It’s no secret around these parts that I believe many of my emotions are best expressed through tears. Crying is in my blood. For me, it’s the most freeing form of release when I’m sad, angry, stressed, or even overwhelmingly happy.
And it doesn’t often take much to set me off.
Last night I was watching TV in our living room while Sean caught the baseball game from our bedroom. I was watching One Tree Hill. I realize this show is not for everyone, but I happen to love it. Plus, I’ve been watching it since it started 8 years ago so it’s kind of hard to break up with it now.
Anyway, this episode was full of emotions (of both the sad and happy kind). As it came to a close I found myself losing all composure and by the time the credits rolled it had turned into a full-on silent sob. There wasn’t a particular reason behind it, I was just moved.
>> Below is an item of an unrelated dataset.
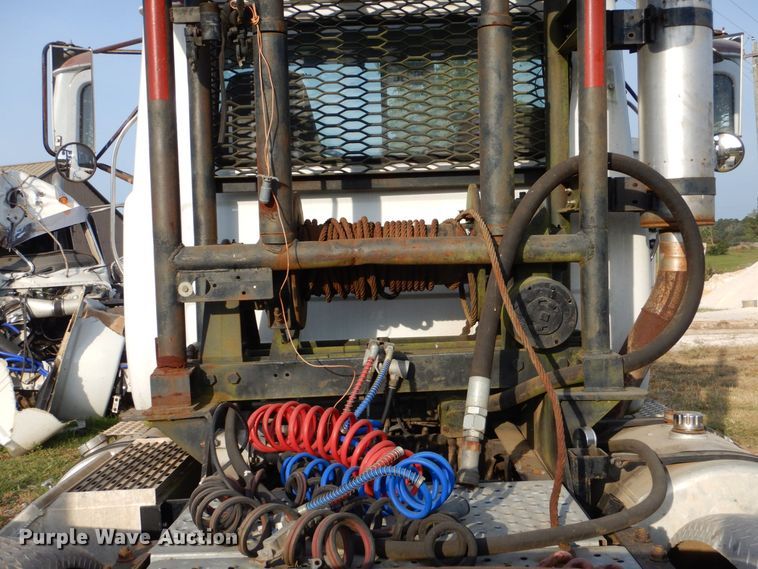 image for item LS9894 1988 Mack Econodyne  semi truck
Moved by the moments happening in the fictional TV series in front of me, and moved by the thoughts and feelings it stirred up inside of me.
So I got up and ran to the bedroom and snuggled my head in Sean’s chest. Anyone who knows Sean knows that he’s not a snuggler, so he instantly looked at me like, “Can I help you?”
But it didn’t take long for him to notice—or feel—the tears running down my face. His reaction was the same as it almost always is, “Oh geez….what now?”